Bug 45877 - Null base style for paragraph results in crash
Summary: Null base style for paragraph results in crash
Status: RESOLVED FIXED
Alias: None
Product: POI
Classification: Unclassified
Component: HWPF (show other bugs)
Version: unspecified
Hardware: PC All
: P2 major with 9 votes (vote)
Target Milestone: ---
Assignee: POI Developers List
URL:
Keywords:
Depends on:
Blocks:
 
Reported: 2008-09-24 07:11 UTC by dnapoletano
Modified: 2010-09-19 07:53 UTC (History)
2 users (show)



Attachments
Word document causing NullPointerException (61.00 KB, application/octet-stream)
2008-09-24 07:11 UTC, dnapoletano
Details
Patch that modifies stylesheets. (700 bytes, patch)
2009-06-09 13:58 UTC, Chris Walter
Details | Diff
Patches PAPX.java to avoid NPE when a paragraph's PAPX is based upon a character style (634 bytes, patch)
2009-08-02 12:07 UTC, Andrew Duffy
Details | Diff

Note You need to log in before you can comment on or make changes to this bug.
Description dnapoletano 2008-09-24 07:11:44 UTC
Created attachment 22629 [details]
Word document causing NullPointerException

Attached document, scanning its parts with QuickTest, results in a java.lang.NullPointerException
	at org.apache.poi.hwpf.sprm.ParagraphSprmUncompressor.uncompressPAP(ParagraphSprmUncompressor.java:50)
	at org.apache.poi.hwpf.model.PAPX.getParagraphProperties(PAPX.java:135)
	at org.apache.poi.hwpf.usermodel.Range.getParagraph(Range.java:822)
	at org.apache.poi.hwpf.QuickTest.main(QuickTest.java:45)

After some debugging, I found that

1) the istd value for problematic paragraph style is 10
2) in getParagraphProperties method, baseStyle is null, and then in uncompressPAP method, the null variable causing the exception is "parent"
3) During StyleSheet constructor execution (the istd of problematic style is 10), _parahraphDescriptions[10] is not null, but _parahraphDescriptions[10]getPap() returns null
4) in createPAP(10) (called by the second loop in constructor), "pap" and "papx" local variables are *both* null, then createPAP does not create the PAP for istd=10

A more weird thing is that, deleting or changing other document parts, for example removing other paragraphs, the crash disappears...
Comment 1 Chris Walter 2009-06-09 13:58:00 UTC
Created attachment 23783 [details]
Patch that modifies stylesheets.

During the initialization of "org.apache.poi.hwpf.model.StyleSheet" POI runs through all the style descriptions and adds them to the StyleDescription array in the createPAP method.
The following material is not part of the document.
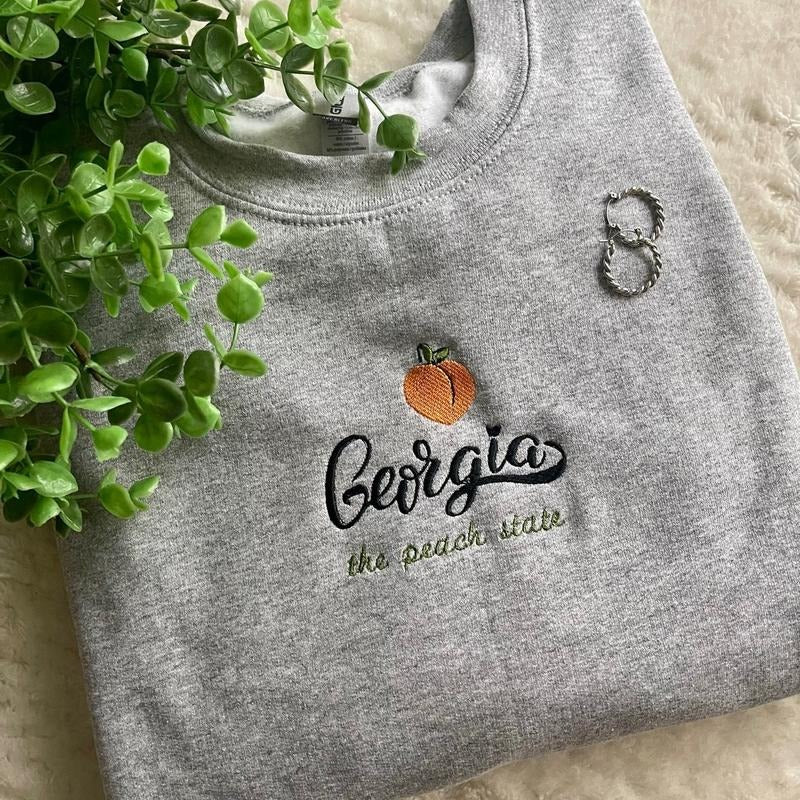 Georgia Peach Crewneck T-Shirts, Hoodie, Sweatshirt | WearSparks.com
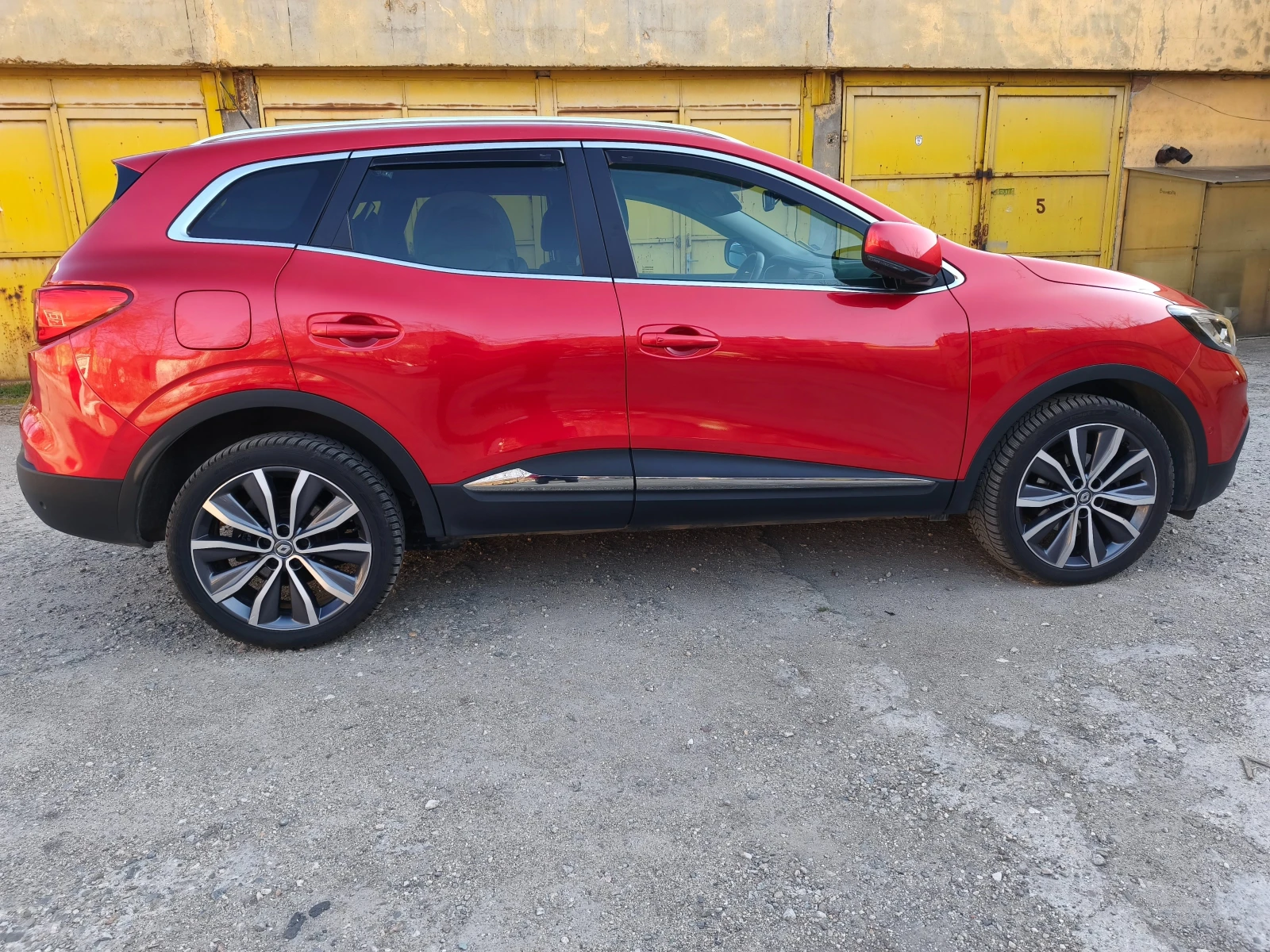 Renault Kadjar, снимка 7 - Автомобили и джипове - 53836647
If a description has an improperly set parent (ie it's parent is null) it still tries to run the ParagraphSprmUncompressor. Doing so attempts to clone the parent and throws a Null Pointer exception. The attached patch simply blocks the running of the uncompressor if the parent is null. I've tested this and it passes all tests and fixes the previously attached document as well as some of my own.

If this fixed in deemed inappropriate, please do not fix with a Runtime error. The documents contents have still been loaded correctly and should still be useable in certain contexts.
Comment 2 Andrew Duffy 2009-08-02 12:07:16 UTC
Created attachment 24082 [details]
Patches PAPX.java to avoid NPE when a paragraph's PAPX is based upon a character style

I've encountered this error while decoding .doc files saved by OpenOffice Writer. Some paragraphs have a PAPX with an istd that is a character style, and PAPX.getParagraphProperties throws an NPE as a result.

I've attached a patch to PAPX.java to work around this. I don't think Chris Walter's patch to StyleSheet.java is necessary.
Comment 3 Nick Burch 2010-09-19 07:53:03 UTC
I've just tried opening your document with POI on svn head, and it was loaded fine, and we could get the text without error. Looks like the bug was fixed at some point between when you reported this and today.